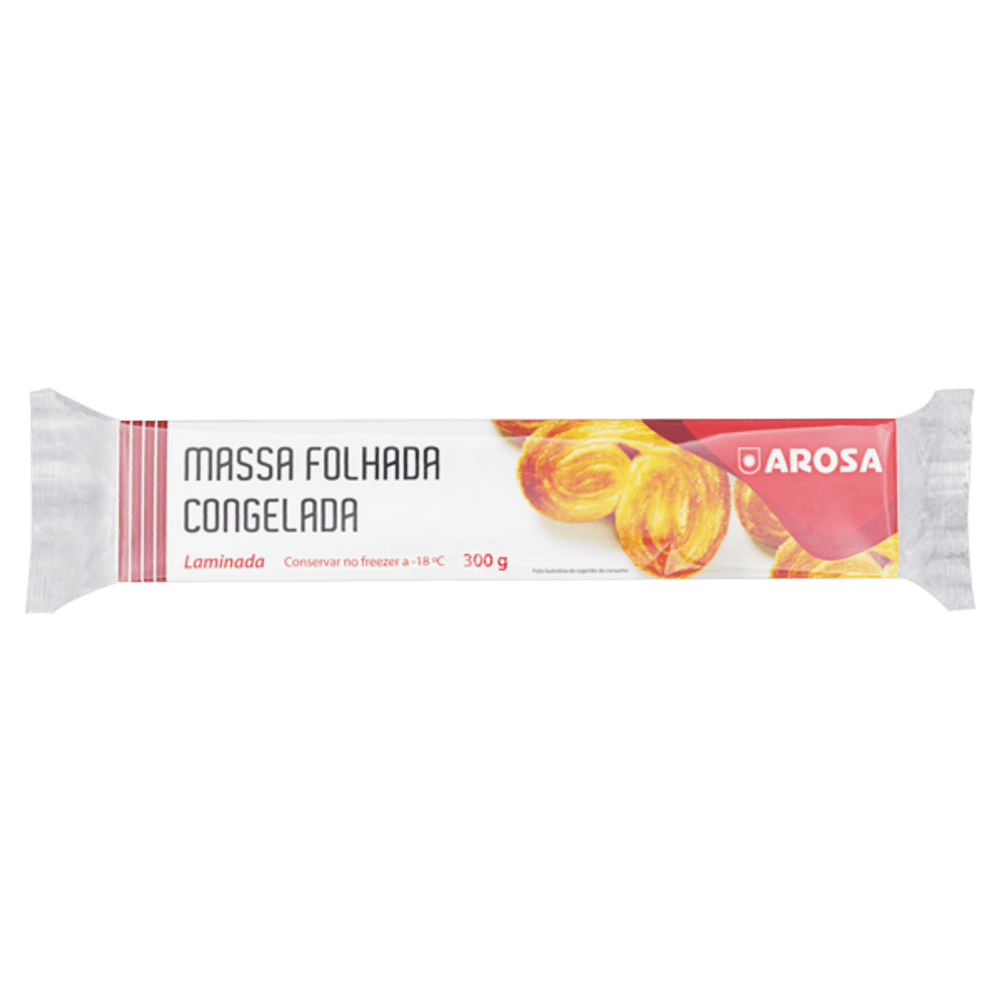 Massa Folhada Laminada Congelada Arosa Pacote 300g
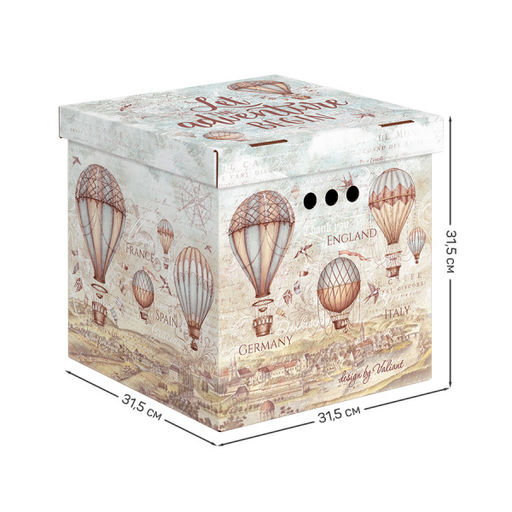 VAL TC-BCTN-3K Короб картонный, складной, квадратный, 31.5*31.5*31.5 см, набор 3 шт., TRAVELLING, шт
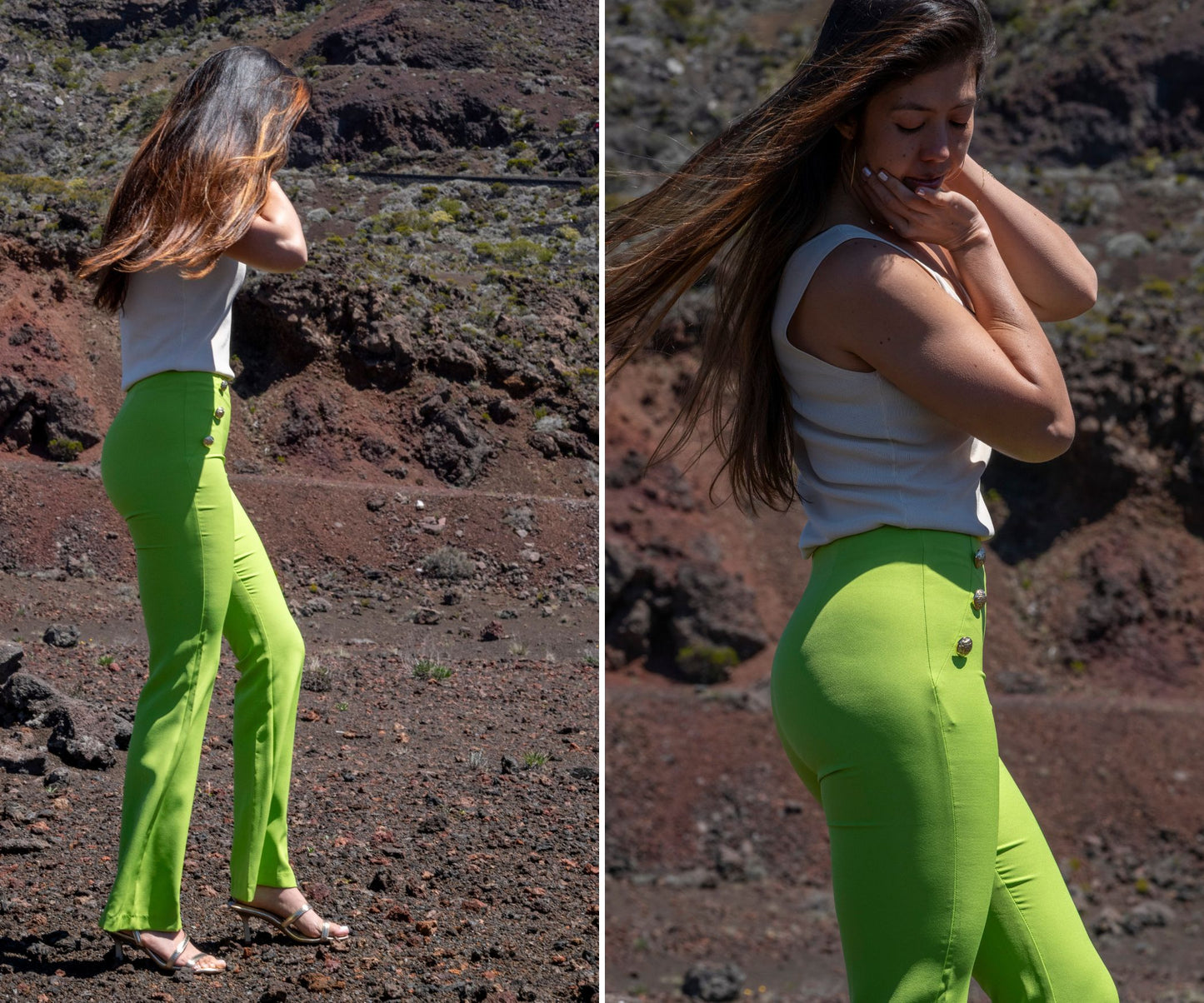 Pantalon femme vert taille haute avec bas évasé et faux boutons au niveau de la taille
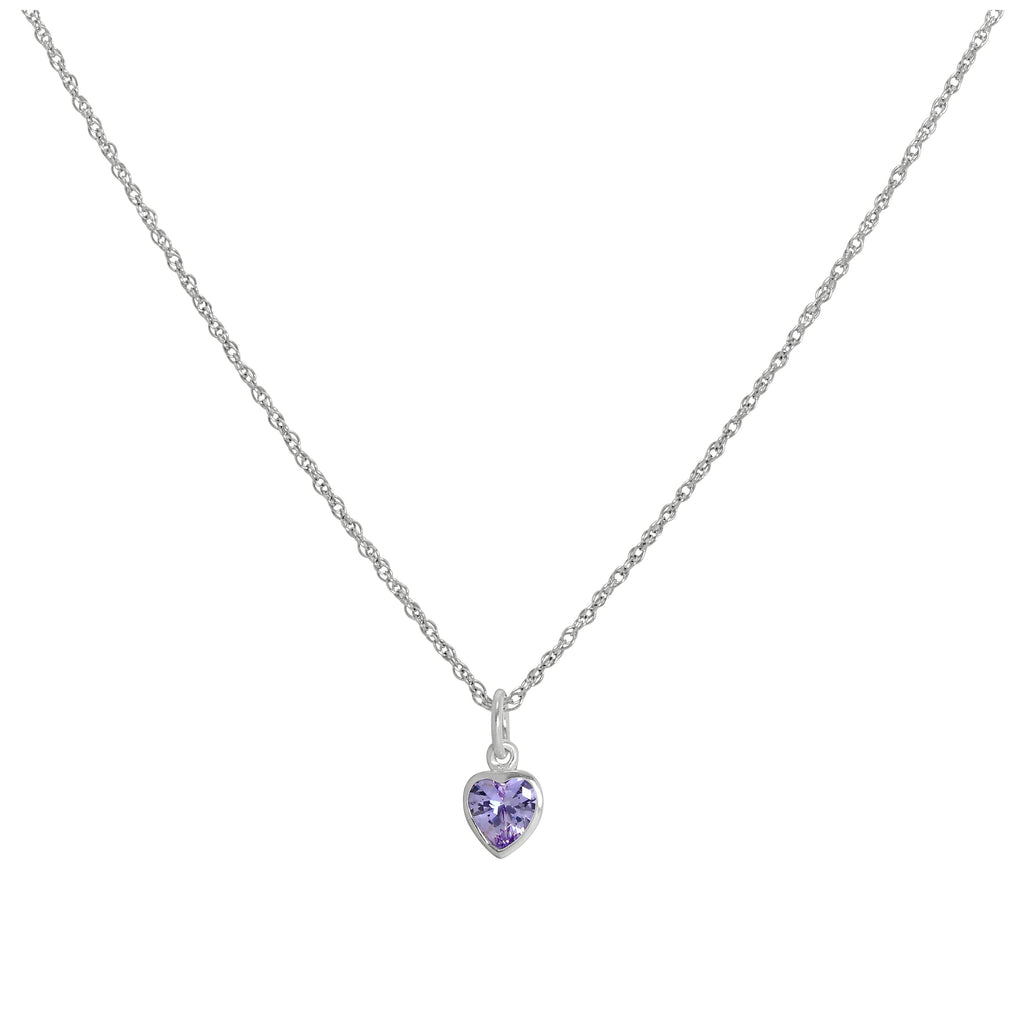 Sterling Silver Purple Heart Crystal Pendant Necklace 14 - 22 Inches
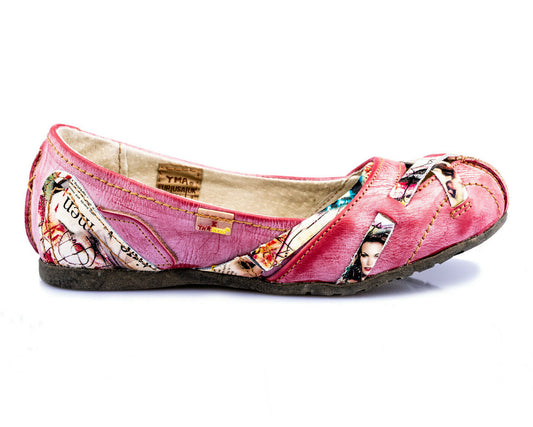 Damenschuhe | TMA 5088 | Damen Halbschuhe Ballerinas | Echtleder | rot | Größen 36 - 42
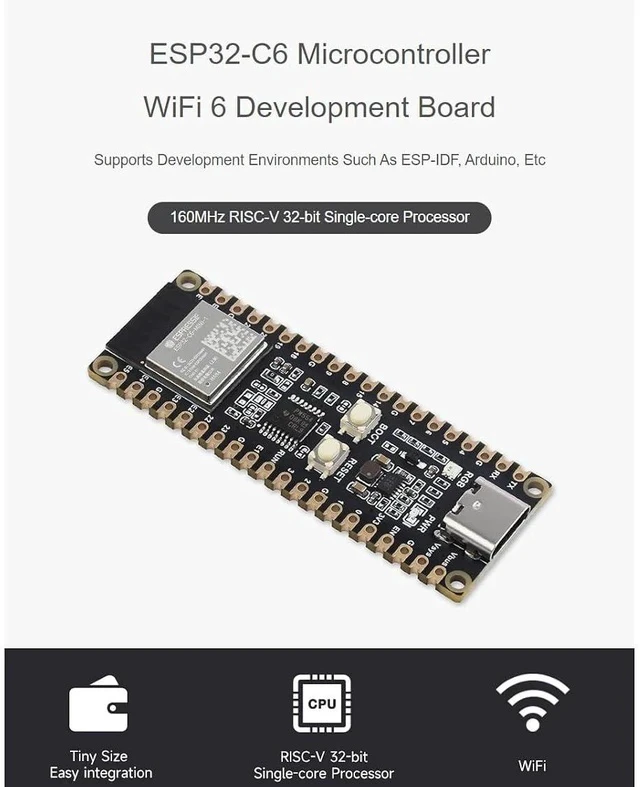Alt view image 2 of 7 - ESP32-C6 Microcontroller WiFi 6 Development Board with Pre-soldered Header Onboard ESP32-C6-MINI-1 with RISC-V 32-bit Sngle-core Processor, WiFi 6+Bluetooth 5+IEEE 802.15.4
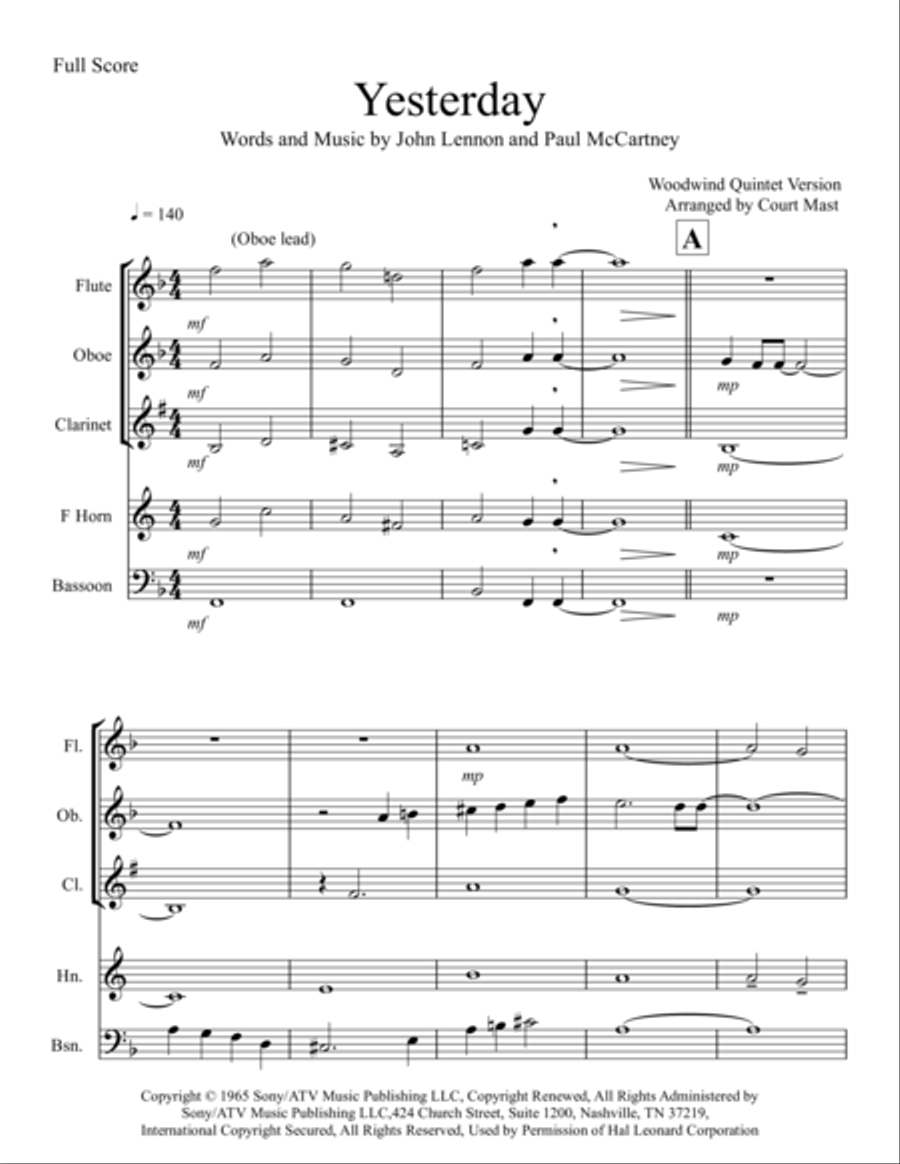 Yesterday Woodwind Quintet scores gallery preview page 1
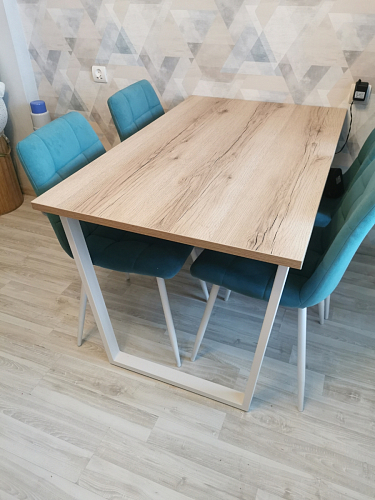 Деревянный стол Барон О 160 х 90 белая пленка шагрень / черный фото покупателя 79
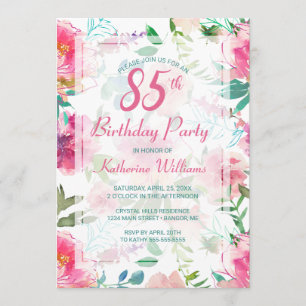 85:e födelsedagen Tropisk Blommigt Rosa Peony Part Inbjudningar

▶ _Exercise_
Print exactly, and print only, the lines from the line with "Sterling Silver Purple" through the last line of the entries, both ends included. No pictures belong in the result.

▶ _Your response_
 Sterling Silver Purple Heart Crystal Pendant Necklace 14 - 22 Inches
 Damenschuhe | TMA 5088 | Damen Halbschuhe Ballerinas | Echtleder | rot | Größen 36 - 42
Alt view image 2 of 7 - ESP32-C6 Microcontroller WiFi 6 Development Board with Pre-soldered Header Onboard ESP32-C6-MINI-1 with RISC-V 32-bit Sngle-core Processor, WiFi 6+Bluetooth 5+IEEE 802.15.4
 Yesterday Woodwind Quintet scores gallery preview page 1
 Деревянный стол Барон О 160 х 90 белая пленка шагрень / черный фото покупателя 79
 85:e födelsedagen Tropisk Blommigt Rosa Peony Part Inbjudningar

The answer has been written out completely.